Output from the RGB camera (left) and depth camera (right). Missing values in the depth image are a result of (a) shadows caused by the disparity between the infrared emitter and camera, (b) random missing or spurious values caused by specular or low albedo surfaces or (c) the projection of the depth coordinate frame.

The raw dataset contains the raw image and accelerometer dumps from the kinect. The RGB and Depth camera sampling rate lies between 20 and 30 FPS (variable over time). While the frames are not synchronized, the timestamps for each of the RGB, depth and accelerometer files are included as part of each filename.

The dataset is divided into different folders which correspond to each ’scene’ being filmed, such as ‘living_room_0012′ or ‘office_0014′. The file hierarchy is structured as follows:


Files that begin with the prefix a- are the accelerometer dumps. These dumps are written to disk in binary and can be read with file get_accel_data.mex. Files that begin with the prefix r- and d- are the frames from the RGB and depth cameras, respectively. Since no preprocessing has been performed, the raw depth images must be projected onto the RGB coordinate space into order to align the images.


The matlab toolbox has several useful functions for handling the data. To run the unit tests, you must have matlab’s xUnit on your path.

  • demo_synched_projected_frames.m – Demos synchronization of the raw rgb and depth images as well as alignment of the rgb and raw depth.
  • eval_seg.m – Evaluates the predicted segmentation against the ground truth label map.
  • get_projected_depth.m – Projects the raw depth image onto the rgb image plane.
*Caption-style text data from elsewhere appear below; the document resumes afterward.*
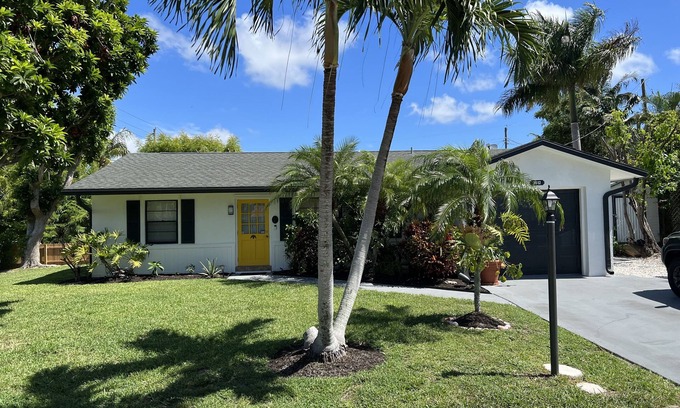 Boynton Beach House | Beautiful 2 Bedroom close to Beach & Atlantic Ave!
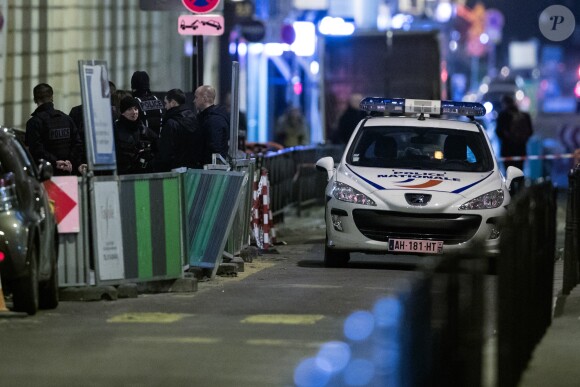 La police à l'extérieur du Ritz après un vol à main armée, Paris, le 10 janvier 2018.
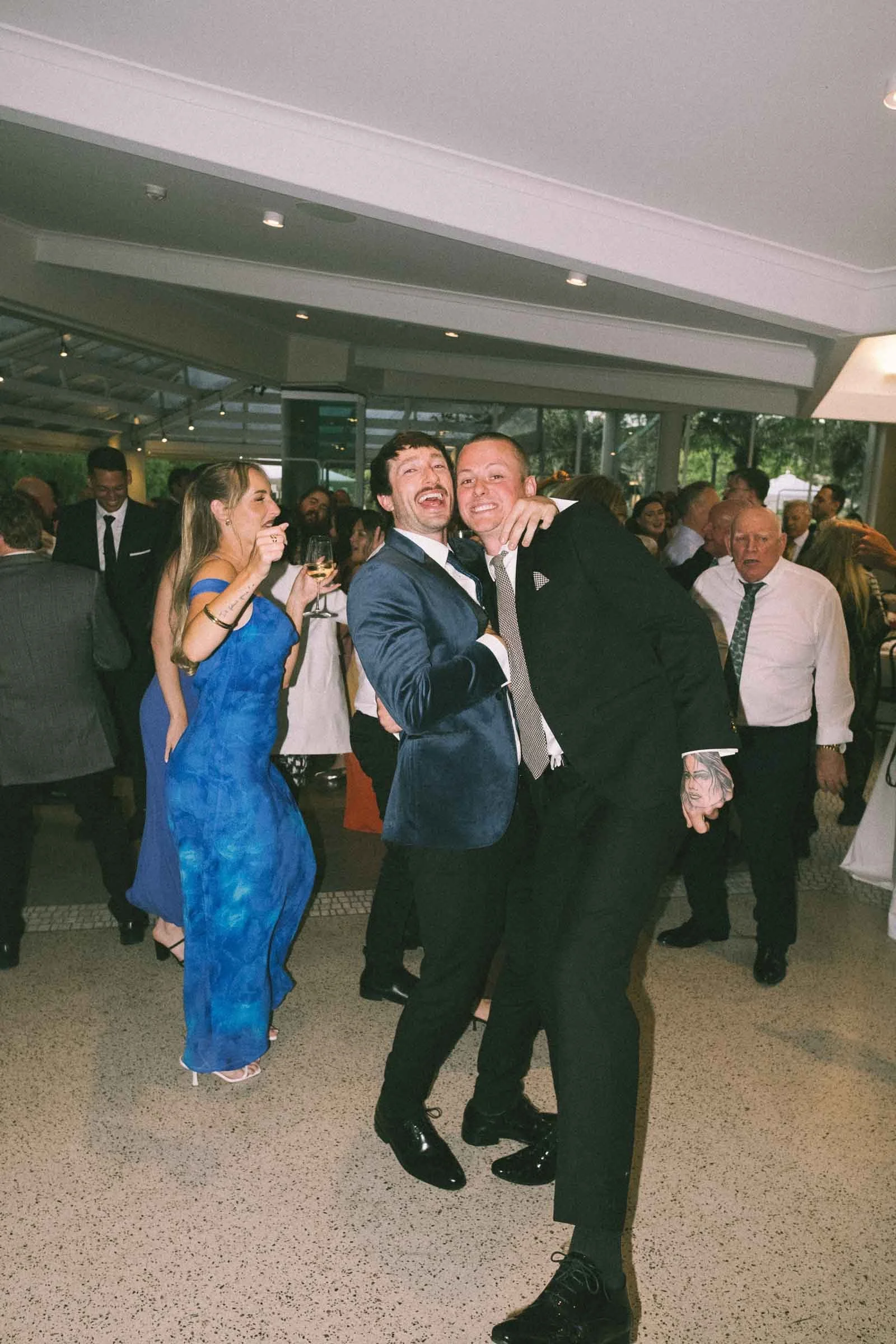 MELBOURNE BOTANICAL GARDEN WEDDING, BRIDE AND GROOM FIRST DANCE, GUESTS ON THE DANCE FLOOR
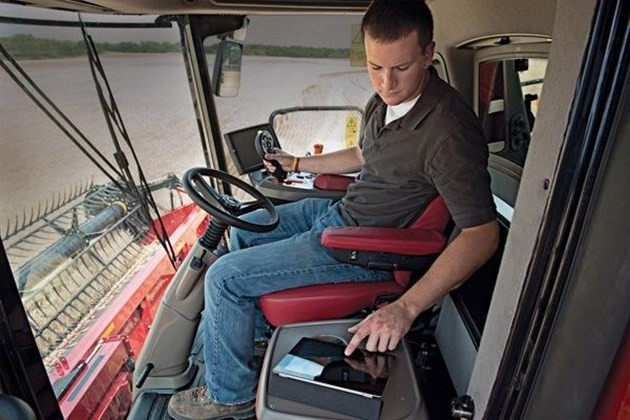 „Терра Глоуб“ ЕООД търси да назначи водач на селскостопански машини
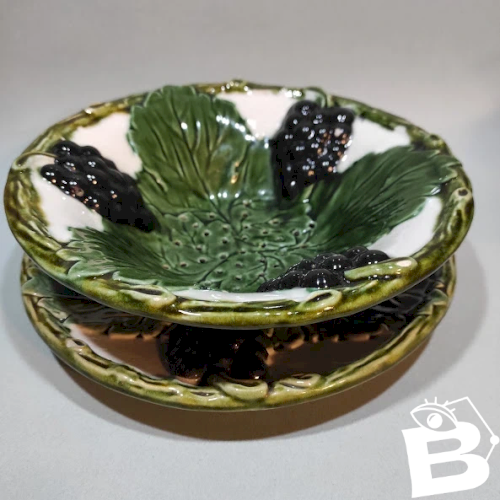 Coupe a fruits  en barbotine , égoutoir et assiette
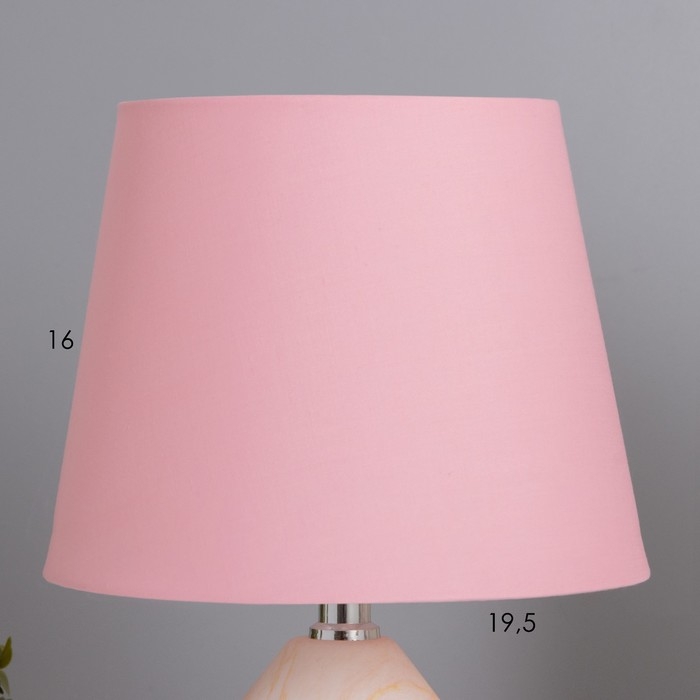 Лампа настольная Лампа настольная "Жизель" 1х40Вт Е14 розовый 20х20х32см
This file contains the calibration parameters that are specific to the kinect used to gather the data.
  • get_accel_data.m – Extracts the accelerometer data from the binary files in the raw dataset.
  • get_projection_mask.m – Gets a mask for the images that crops areas whose depth had to be inferred, rather than directly projected from the Kinect signal.
  • get_synched_frames.m – Returns a list of synchronized rgb and depth frames from a given scene in the raw dataset.
  • get_train_test_split.m – Splits the data in a way that ensures that images from the same scene are not found in both train and test sets.